• _Exercise goal_:
In every line of the records, look for "Edition", then report how many lines have it and nothing else.

• _Data for the task_:
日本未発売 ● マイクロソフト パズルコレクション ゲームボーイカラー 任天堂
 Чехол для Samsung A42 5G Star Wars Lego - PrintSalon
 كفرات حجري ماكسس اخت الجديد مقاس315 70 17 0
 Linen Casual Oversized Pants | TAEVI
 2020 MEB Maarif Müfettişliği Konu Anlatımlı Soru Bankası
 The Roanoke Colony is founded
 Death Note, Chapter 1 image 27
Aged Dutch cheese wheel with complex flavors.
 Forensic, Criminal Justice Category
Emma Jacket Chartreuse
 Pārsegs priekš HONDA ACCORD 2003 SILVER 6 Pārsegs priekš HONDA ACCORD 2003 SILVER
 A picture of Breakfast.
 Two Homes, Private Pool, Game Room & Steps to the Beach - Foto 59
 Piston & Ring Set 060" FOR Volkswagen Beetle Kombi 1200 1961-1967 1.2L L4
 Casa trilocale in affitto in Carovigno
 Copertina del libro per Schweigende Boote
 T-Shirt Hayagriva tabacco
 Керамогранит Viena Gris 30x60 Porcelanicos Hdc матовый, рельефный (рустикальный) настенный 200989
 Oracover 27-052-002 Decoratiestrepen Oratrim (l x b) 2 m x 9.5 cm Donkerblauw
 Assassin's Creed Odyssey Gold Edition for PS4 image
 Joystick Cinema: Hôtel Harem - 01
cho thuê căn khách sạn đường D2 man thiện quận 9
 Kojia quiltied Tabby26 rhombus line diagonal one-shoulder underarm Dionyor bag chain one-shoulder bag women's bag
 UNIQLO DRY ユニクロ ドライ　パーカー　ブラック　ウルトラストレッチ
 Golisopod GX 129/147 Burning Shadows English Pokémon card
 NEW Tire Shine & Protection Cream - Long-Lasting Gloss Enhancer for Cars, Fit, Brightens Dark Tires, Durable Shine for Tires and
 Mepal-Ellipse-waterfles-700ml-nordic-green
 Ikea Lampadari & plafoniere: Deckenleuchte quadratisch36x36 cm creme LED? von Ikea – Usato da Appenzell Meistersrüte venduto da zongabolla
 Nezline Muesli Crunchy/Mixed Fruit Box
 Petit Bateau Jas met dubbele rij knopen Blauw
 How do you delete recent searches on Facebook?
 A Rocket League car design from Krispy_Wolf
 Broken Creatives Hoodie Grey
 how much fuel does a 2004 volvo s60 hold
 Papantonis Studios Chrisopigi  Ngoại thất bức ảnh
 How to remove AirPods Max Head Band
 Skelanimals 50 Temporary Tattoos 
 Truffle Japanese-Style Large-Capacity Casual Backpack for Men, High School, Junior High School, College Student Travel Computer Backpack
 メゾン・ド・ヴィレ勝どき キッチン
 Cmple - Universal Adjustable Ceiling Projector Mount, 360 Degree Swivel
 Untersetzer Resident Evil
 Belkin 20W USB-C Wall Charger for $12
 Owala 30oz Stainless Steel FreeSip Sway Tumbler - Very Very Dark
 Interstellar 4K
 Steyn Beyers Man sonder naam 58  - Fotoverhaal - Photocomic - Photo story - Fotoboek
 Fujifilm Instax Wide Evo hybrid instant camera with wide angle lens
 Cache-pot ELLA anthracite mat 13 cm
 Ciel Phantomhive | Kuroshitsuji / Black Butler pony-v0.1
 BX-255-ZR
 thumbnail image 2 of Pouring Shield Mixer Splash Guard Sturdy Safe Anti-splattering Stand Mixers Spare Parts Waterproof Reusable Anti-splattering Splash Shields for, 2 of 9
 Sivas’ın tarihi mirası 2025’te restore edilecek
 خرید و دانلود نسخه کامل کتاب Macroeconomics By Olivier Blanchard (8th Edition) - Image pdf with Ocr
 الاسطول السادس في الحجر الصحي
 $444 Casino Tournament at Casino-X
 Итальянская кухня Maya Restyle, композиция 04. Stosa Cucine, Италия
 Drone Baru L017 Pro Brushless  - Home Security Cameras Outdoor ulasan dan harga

• _Response to the exercise_:
2